足立美術館:米国誌が連続日本一に選ぶ、奇跡の日本庭園
島根県安来市にある足立美術館。「庭園もまた一幅の絵画である」という創設者の言葉通り、5万坪の日本庭園と横山大観コレクションが見事に調和した、世界中から観光客が訪れる名館です。
はじめに:「生きた絵画」としての日本庭園
島根県安来市にある「足立美術館」は、地元出身の実業家・足立全康が創設した美術館です。横山大観をはじめとする近代日本画の圧巻のコレクションとともに、美術館の最大の目玉となっているのが、5万坪に及ぶ広大で完璧に手入れされた「日本庭園」です。米国の日本庭園専門誌のランキングで20年以上連続で「日本一」に選ばれ続けています。
時代背景:庭園と絵画の究極の調和
「庭園もまた一幅の絵画である」という創設者の強い信念のもと、枯山水庭、白砂青松庭、苔庭など、趣の異なる庭園が整備されています。
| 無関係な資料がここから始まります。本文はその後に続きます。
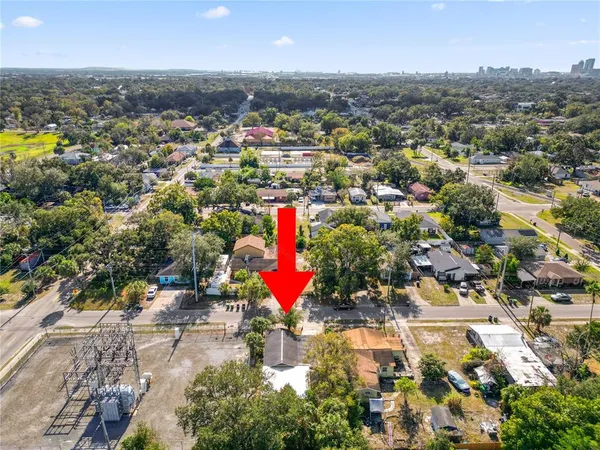 an aerial view of a house with swimming pool and large trees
背後の山々を借景とし、四季折々、天候、そして一日の時間帯によって刻々と表情を変える「生きた絵画」を作り出しています。
3つの見どころ
- 世界一の日本庭園: 専属の庭師たちが毎日欠かさず手入れを行う、チリ一つない完璧な美しさを誇る庭園群。
- 「生の額絵」と「生の掛軸」: 窓枠を額縁に見立てて庭園を鑑賞する「生の額絵」や、床の間の壁をくり抜いて借景を楽しむ「生の掛軸」は必見です。
- 横山大観コレクション: 120点を超える横山大観の作品を所蔵し、常に名作が展示されています。名画「紅葉」などを実際に鑑賞できます。
鑑賞のコツ
美術館内は庭園に面した窓ガラスが続くため、歩きながら少しずつ変化する庭園の景色を楽しむことができます。四季それぞれに美しいですが、秋の紅葉や、冬の雪景色の美しさは特に格別です。庭園を眺めながら利用できる館内の喫茶室「翠」や「大観」での休憩もおすすめです。
施設情報・アクセス
- 住所: 〒692-0064 島根県安来市古川町320
- アクセス: JR安来駅から無料シャトルバスで約20分
- 開館時間: 4月~9月:9:00~17:30、10月~3月:9:00~17:00
- 休館日: 年中無休(新館のみ展示替え休館あり)
- 公式サイト: 足立美術館
豆知識
2020年には北大路魯山人の専用展示館「魯山人館」がオープンしました。書・篆刻・陶芸・料理と多才を極めた魯山人の世界も、庭園と並ぶ当館の大きな見どころです。